Plans are developing to mark the centenary of the scuttling of the German High Seas Fleet in Scapa Flow.
The deliberate sinking of the vessels on 21 June 1919 remains one of the greatest losses of shipping ever recorded in a single day.
One hundred years later, commemorations will be held on Midsummer’s Day 2019 to remember the 15 German lives lost as a result of the internment and scuttling of the fleet.
A programme of community events held around the time of the anniversary will reveal the historical significance of the scuttling and mark its impact and continued legacy in Orkney.
The events in 1919 were witnessed by a large group of school children from Stromness, who were on an outing in Scapa Flow aboard a local vessel, the Flying Kestrel. They watched in amazement as ship after ship started to heel at strange angles before sinking to the seabed. Descendants of those on board are invited to get in touch if they would like to be involved.

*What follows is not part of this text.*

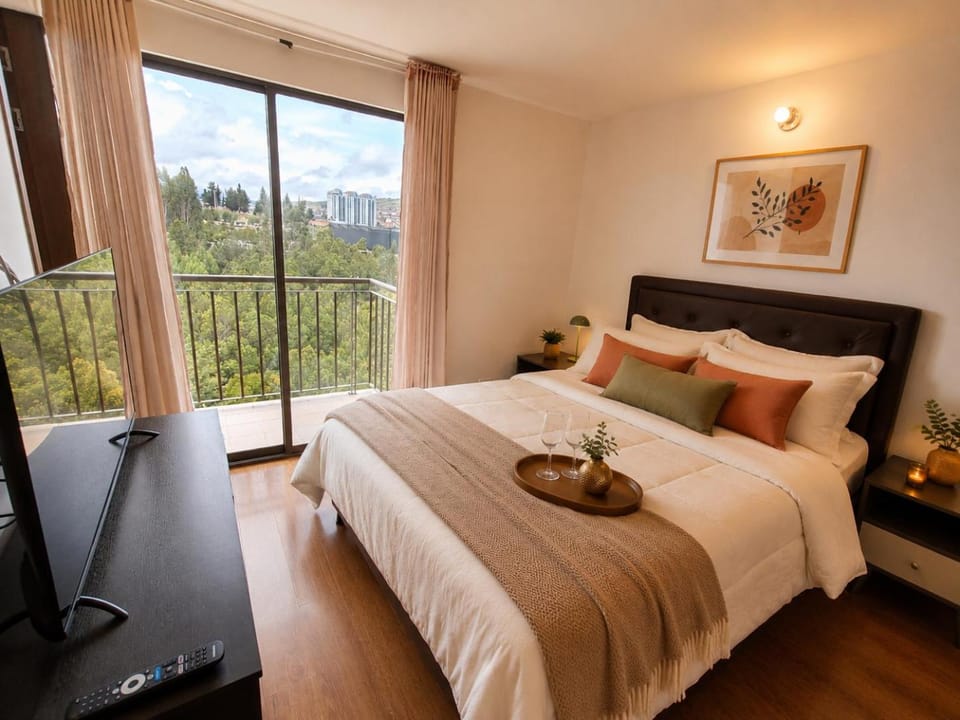 Bed, TV and multimedia, View (from property/room), Balcony/Terrace, Photo of the whole room, Bedroom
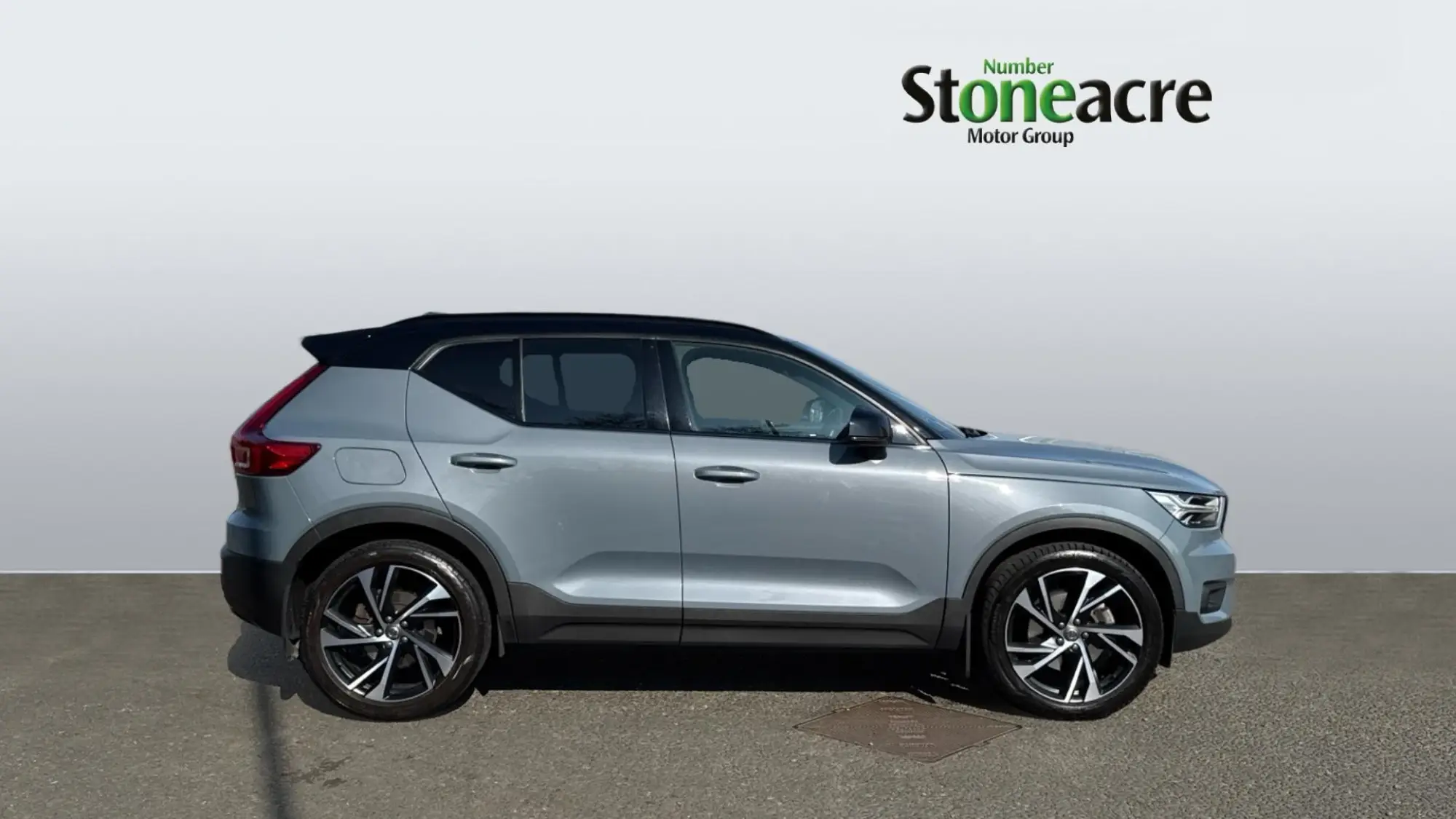 Volvo XC40 2.0 B4P R DESIGN Pro 5dr Auto NX21LXR Image 3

Antony Mottershead, Arts Officer with Orkney Islands Council, said: “We are working with partners in Germany to see if we are able to identify and contact any descendants of the 15 sailors who sadly lost their lives. Closer to home, we would like to hear from descendants of the children who were aboard the Flying Kestrel or have a close family connection to the events that unfolded that day.”
Antony can be contacted by email or by phone on 01856 873535 extension 2406.
Following the end of the First World War, Germany had to surrender most of its Naval vessels as part of the Armistice agreement.
A total of 74 ships from the German High Seas Fleet arrived in Scapa Flow for internment. On 21 June 1919, acting under the mistaken belief that peace talks had failed, Rear Admiral Ludwig von Reuter gave the command to scuttle the entire fleet, to prevent them from falling into the hands of the British and Allied forces.
A total of 50 ships went to the seafloor. Many were later brought to the surface again during one of the most remarkable salvage operations ever attempted at sea. Those that remain on the seabed attract divers from worldwide keen to explore the wrecked vessels.